Дети Третьего рейха - стр. 68
– Память ценой в миллионы долларов?
– Память бесценна. – А я и не думала, что Элизабет такая ханжа. – Откуда ты знаешь, собиралась она продавать картину или нет! Ох, бедная Эдда! Ей, между прочим, было крайне тяжело найти работу после войны – с такой-то фамилией! Сначала она была медработником, потом какой-то конторской крысой – без амбиций, без радостей жизни и без далеко идущих планов. И жили они с матерью скромно, если не сказать бедно.
– Так почему бы не сменить фамилию? Я слышала, что Эдда фанатично любит отца: может, дело в этом?

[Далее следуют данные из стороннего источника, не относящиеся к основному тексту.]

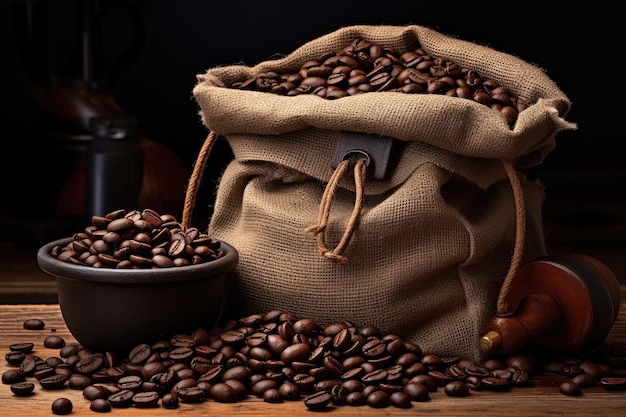 granos de café y bolsa de café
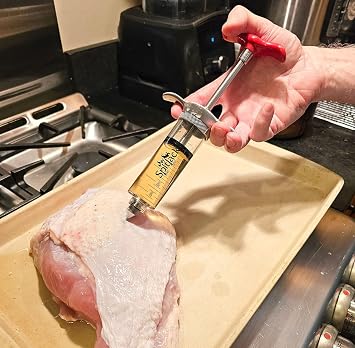 SpitJack SHOT XL BBQ Marinade Syringe Meat Injector, 70ml, 4 Needles, MJ150 | Large-capacity adjustable injector for serious cooks. Includes case, brushes, detailed guide, recipes, and support.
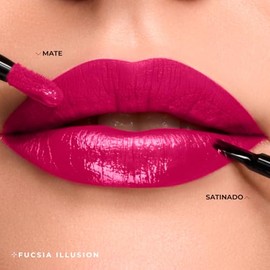 L’BEL Labial Líquido Forever Dual Rouge Magique – Doble Uso – 46H – No Transfer – Mate Indeleble + Bálsamo Reparador – 5 g (Fucsia Illusion)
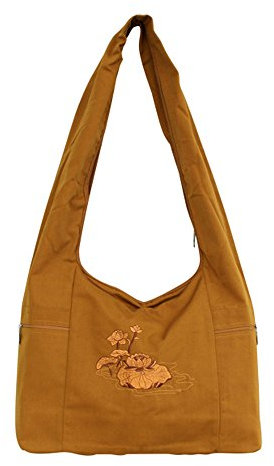 G-LIKE Buddhistische Tragetasche Schulter Stofftasche - Religiöse Arhat Luohan Umhängetasche Shaolin Tempel Kung Fu Buddhist Mönch Meditation Zubehör Gestickt Beutel für Damen Herren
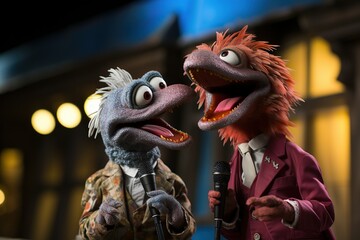 Two puppet characters with microphones engaging in a lively conversation, one in a camouflage jacket and the other in a formal purple suit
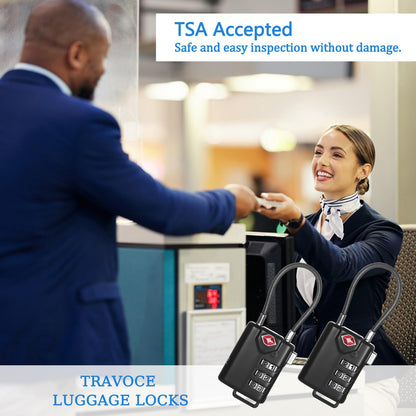 2 PCS TSA Locks for Luggage, Small Combination Lock,Luggage Locks TSA Approved, for Locker Lock, Travel Suitcase, Gun Case, Backpack Zipper, Ammo Can, with 2PCS Spare 007 Master Key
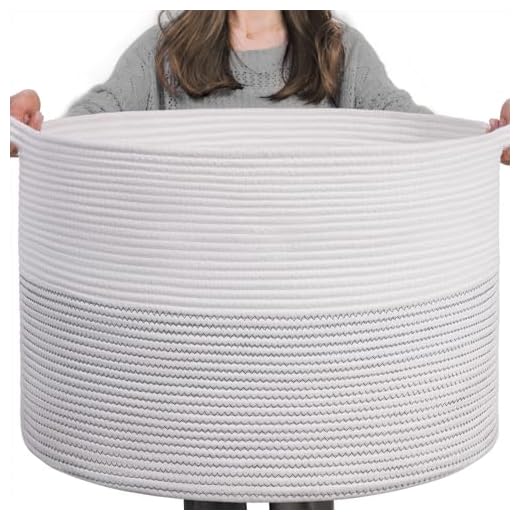 INDRESSME XXXLarge Cotton Rope Basket 21.7" x 21.7" x 13.8" Woven Baby Laundry Basket for Blankets Toys Storage Baskets with Handle Comforter Cushions Storage Bins Thread Laundry Hamper-Black Stitch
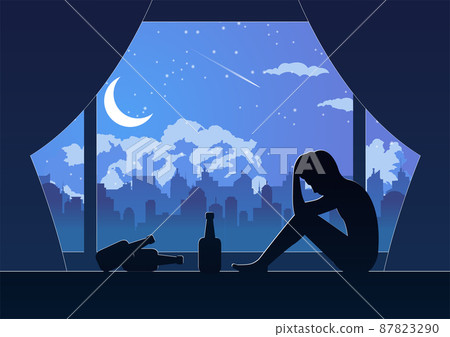 Silhouette design of lonely depressed man sit between lonely night in his room, 87823290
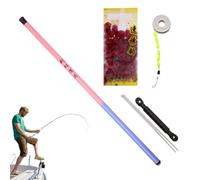 Caña telescópica - Caña corta de camarones de pescado, caña de pescar portátil para principiantes, para navegar en aguas profundas, navegar, río, muelle, lago, hielo, playa, pesca con mosca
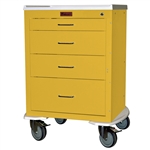 Harloff Mini24 Infection Control Cart, Four Drawers with Key Lock, Pontoon Bumper and 5" Casters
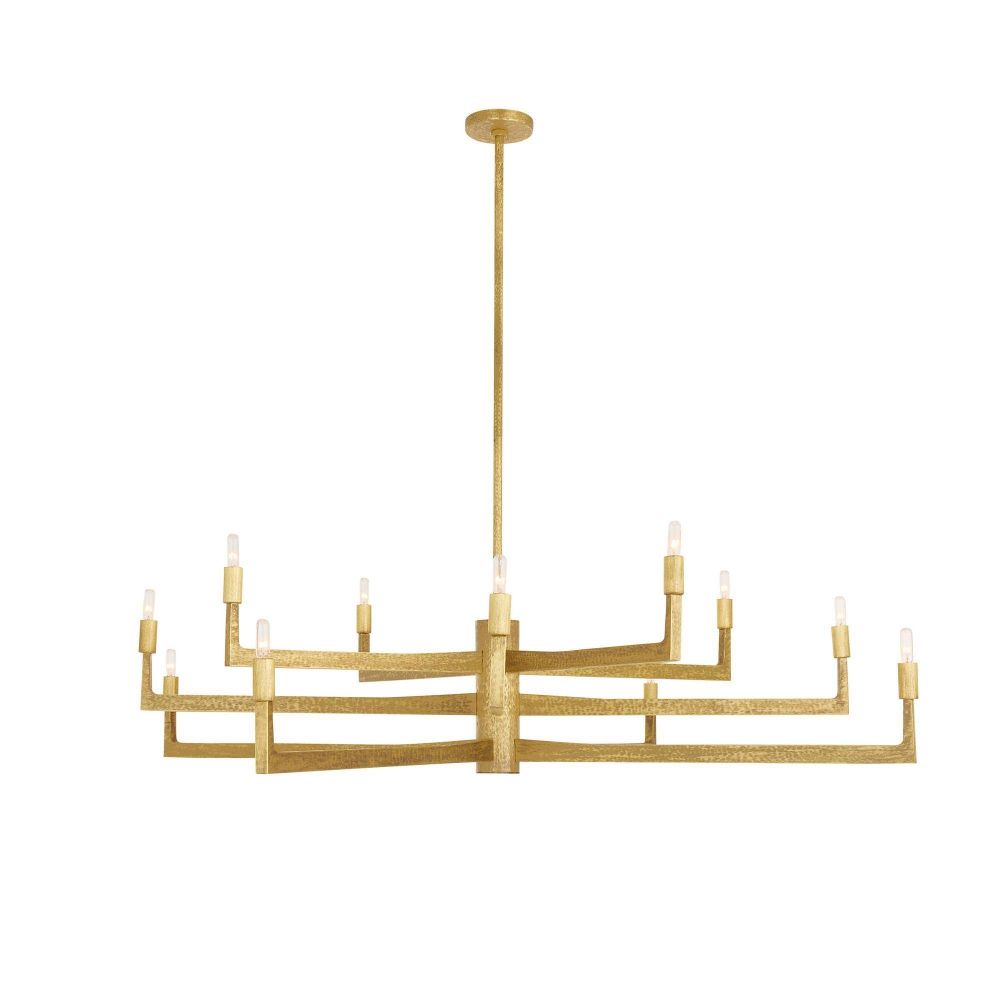Gold chandelier with multiple arms on a white background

– Не знаю. Она ведь и правда не сменила фамилию, хотя могла. Она могла уехать в другую страну и начать жизнь сначала. Могла бы сделать это в юности. Но нет. И я не знаю, почему она так не поступила. Когда я с ней встретилась, то обратила внимание, что она очень милая, приятная. Очень. Но как много страдала! Всю свою жизнь! Нет, не просто помучилась после войны, а мучается и по сей день. Для нее ничего не меняется. И я, помню, даже предложила ей последовать за мной. Так и сказала: «Почему бы тебе не переехать ко мне в Перу навсегда?»
– А она?
Элизабет улыбается снисходительно:
– А сама как думаешь, что она? Вежливо поблагодарила. Но так, что я сразу поняла: Эдда не хочет переезжать. Категорически. Она хочет остаться в Германии, в Мюнхене, до самого конца. И к тому же, это уже моя личная догадка, она не хочет быть обузой. В общем, причин не ехать сюда у нее, наверное, много. Кстати, я заметила, что мое общество тоже было ей в тягость, ведь она отвыкла от людей.
– Та Эдда, которую описываешь ты, совсем не вяжется со всем тем, что я про нее слышала, начиная с изнуряющего суда с городом Кёльном и заканчивая слухами о том, что в гостиной ее квартиры висит огромный портрет рейхсмаршала в парадной форме, и она, обожая отца, отрицает все его преступления…
Элизабет хмыкает и холодно интересуется:
– Ты хочешь сказать, она нацистка?
– Так говорят. Я не знаю. Всё наше с ней общение закончилась тем, что она послала меня далеко и надолго.
– Может, она и была груба… но она не нацистка, я уверена. Люди жестоки. – Элизабет страдальчески закатывает глаза, и я вижу, как она похожа на своего дядю. – Все считают, что раз ты Геринг, то непременно сволочь. Бедная, бедная Эдда.
– Слушай, это ее жизнь, и история со шкатулкой – лучшая иллюстрация того, что кузина твоя – вечная пессимистка, зацикленная на страданиях и своем ненаглядном папочке…
– Наверное, это так. – Элизабет вздрагивает от резкого крика кого-то из торговцев, но не оборачивается, продолжая: – Я видела ее всего-то раз в жизни, два года назад в Мюнхене. Она очень милая, приятная, мягкая и по отношению ко мне была очень дружелюбна. В то же время, когда смотришь на нее, то отчетливо понимаешь: вот на этом человеке лежит тяжкое бремя вины за отца. Ее всегда будут винить за то, что натворил Герман. Сочувствия не проявит никто.